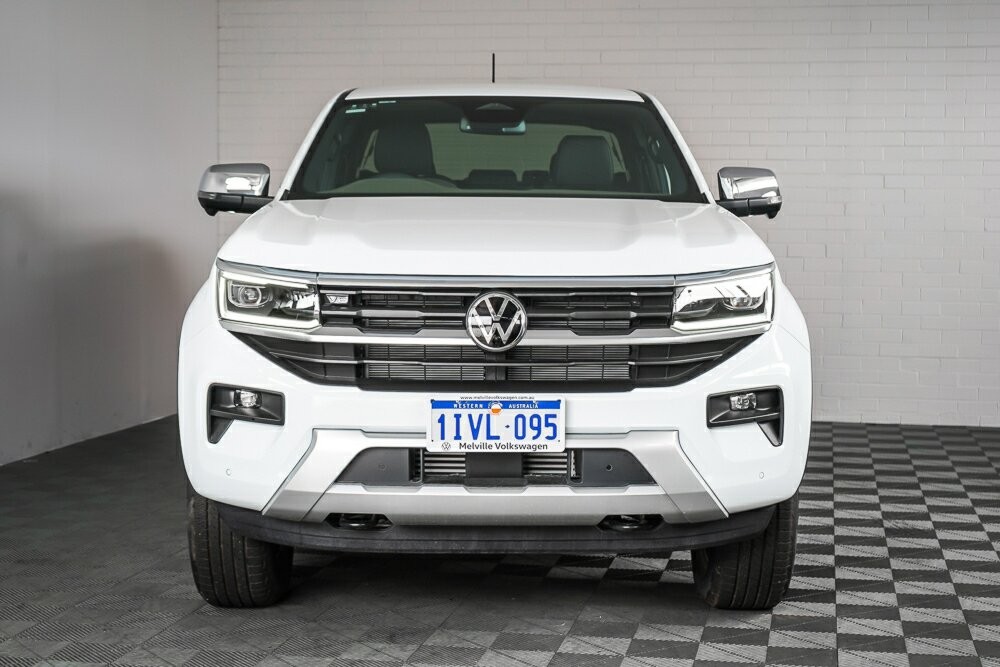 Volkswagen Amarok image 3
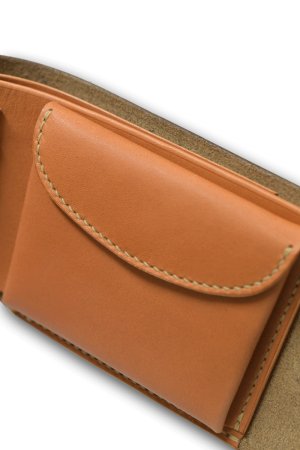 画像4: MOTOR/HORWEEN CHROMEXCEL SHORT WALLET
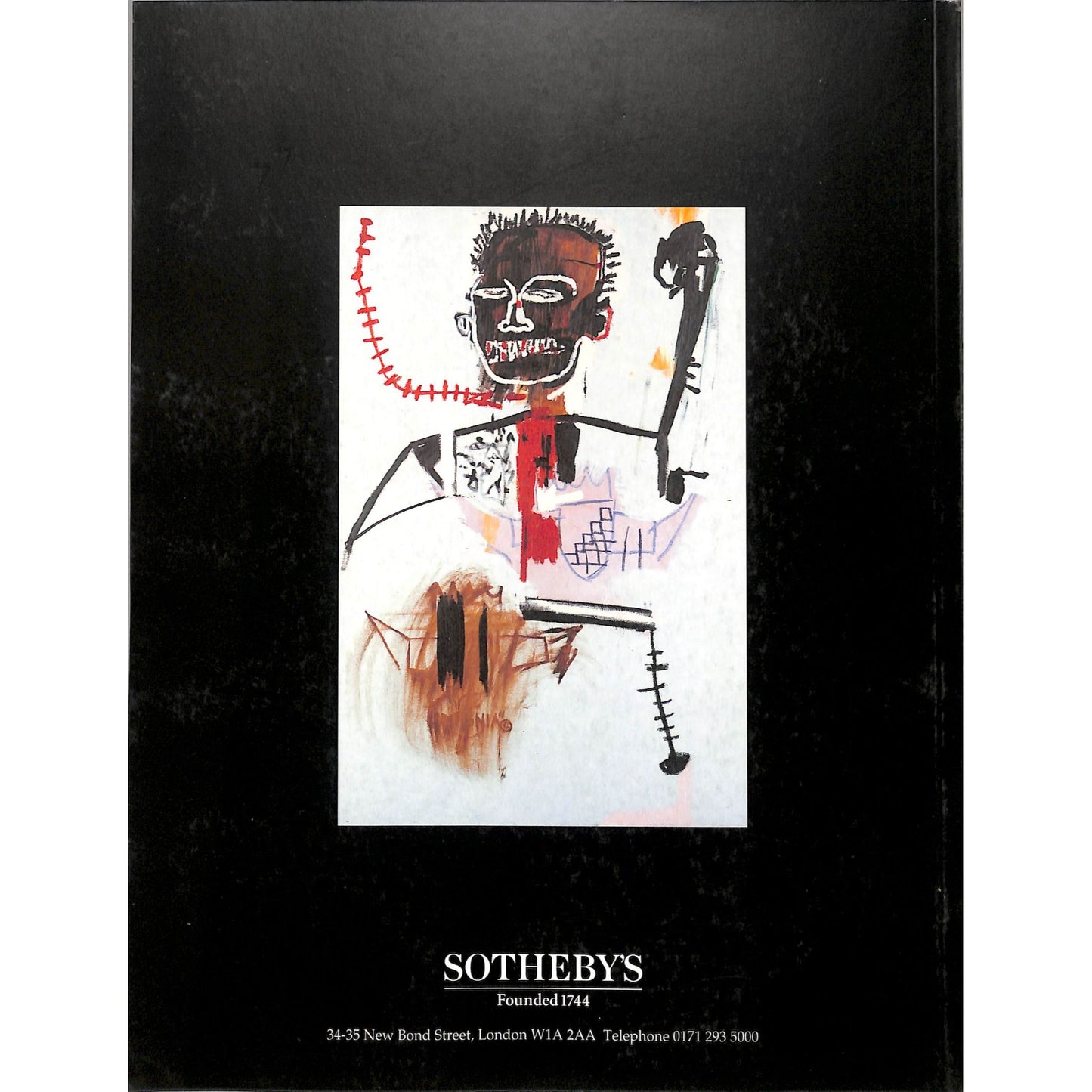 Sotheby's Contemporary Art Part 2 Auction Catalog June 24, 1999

■ ■ ■

▶ [Exercise objective]
Every line above should be duplicated exactly; the pictures are to be left out.

▶ [Response for this exercise]
 Volkswagen Amarok image 3
 画像4: MOTOR/HORWEEN CHROMEXCEL SHORT WALLET
 Sotheby's Contemporary Art Part 2 Auction Catalog June 24, 1999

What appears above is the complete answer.